Data records
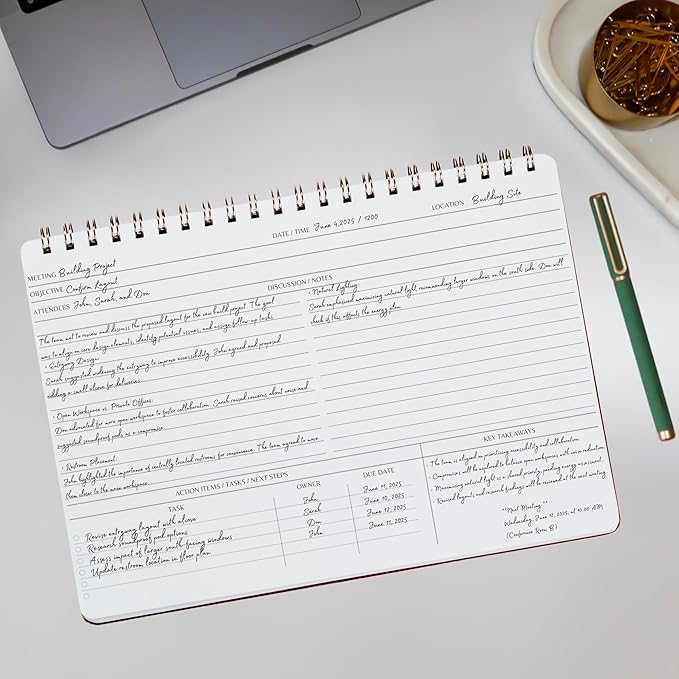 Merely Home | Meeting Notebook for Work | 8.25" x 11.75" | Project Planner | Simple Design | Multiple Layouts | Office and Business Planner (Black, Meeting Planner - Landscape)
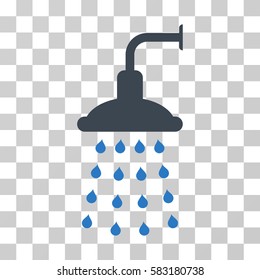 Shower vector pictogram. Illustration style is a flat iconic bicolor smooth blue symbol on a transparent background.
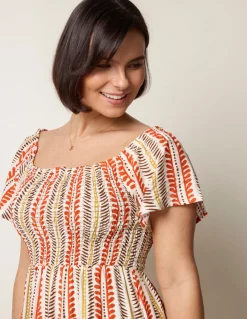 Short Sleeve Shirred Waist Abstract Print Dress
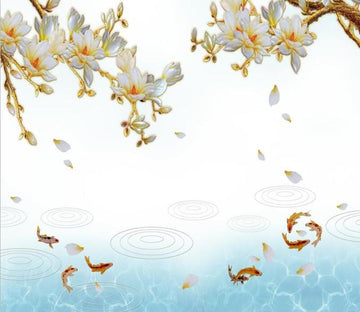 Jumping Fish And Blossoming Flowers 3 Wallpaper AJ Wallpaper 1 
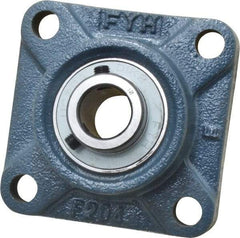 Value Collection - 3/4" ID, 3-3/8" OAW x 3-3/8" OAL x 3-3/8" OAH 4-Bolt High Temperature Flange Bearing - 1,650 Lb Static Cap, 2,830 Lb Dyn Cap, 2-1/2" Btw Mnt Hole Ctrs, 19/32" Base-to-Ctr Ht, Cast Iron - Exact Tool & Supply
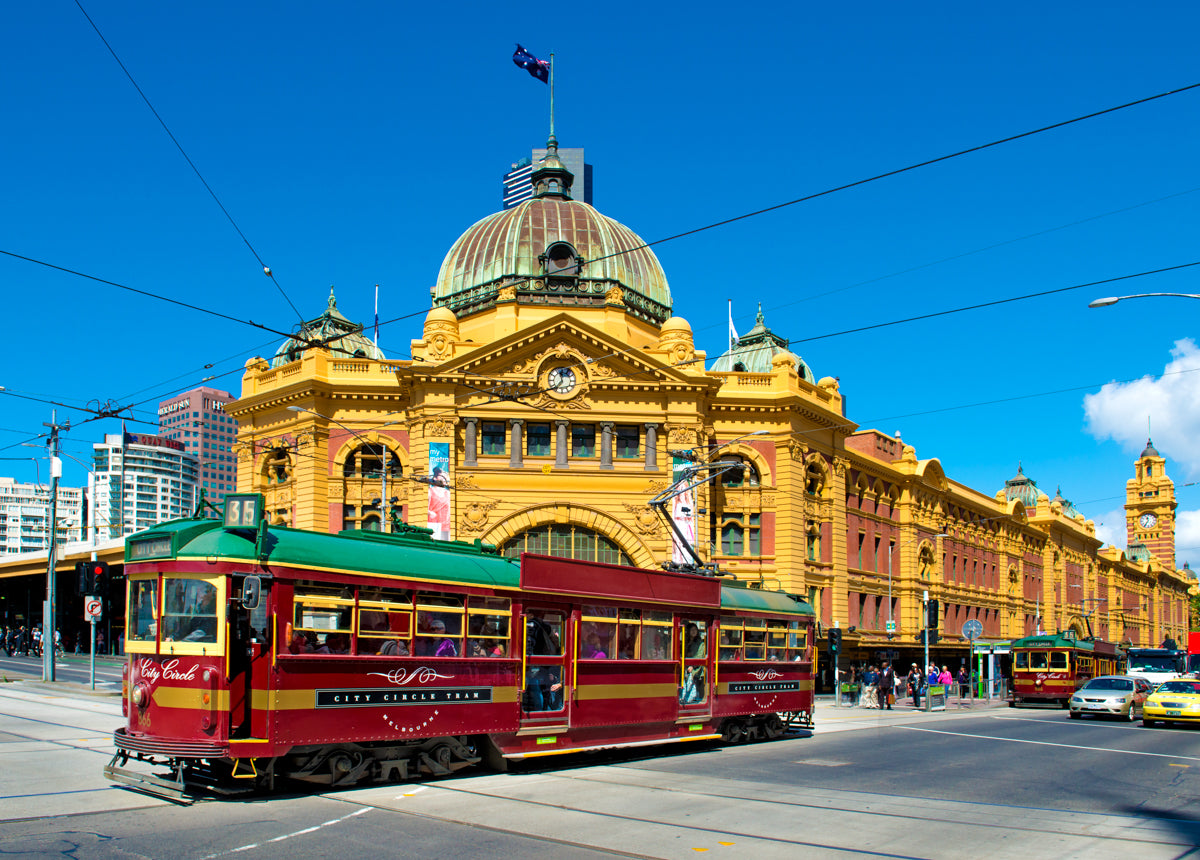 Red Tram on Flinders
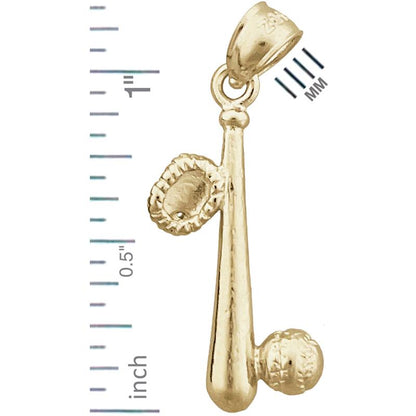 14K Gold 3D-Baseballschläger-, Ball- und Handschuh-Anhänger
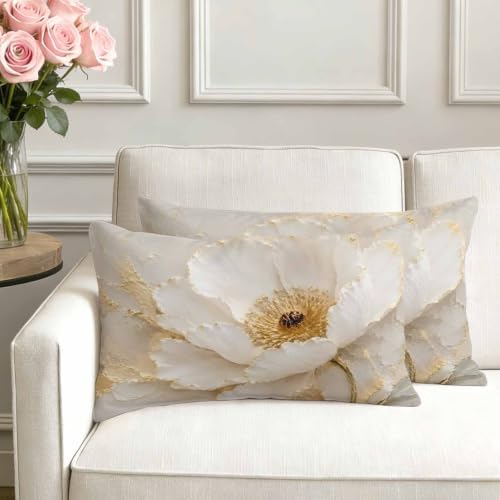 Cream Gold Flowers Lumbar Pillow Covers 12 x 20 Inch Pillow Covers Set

- _Problem requirements_: Reproduce only the lines from the line that holds "Red Tram on Flinders" through the end of the records, exactly as they stand, both ends included and pictures excluded.

- _Response below_:
 Red Tram on Flinders
 14K Gold 3D-Baseballschläger-, Ball- und Handschuh-Anhänger
 Cream Gold Flowers Lumbar Pillow Covers 12 x 20 Inch Pillow Covers Set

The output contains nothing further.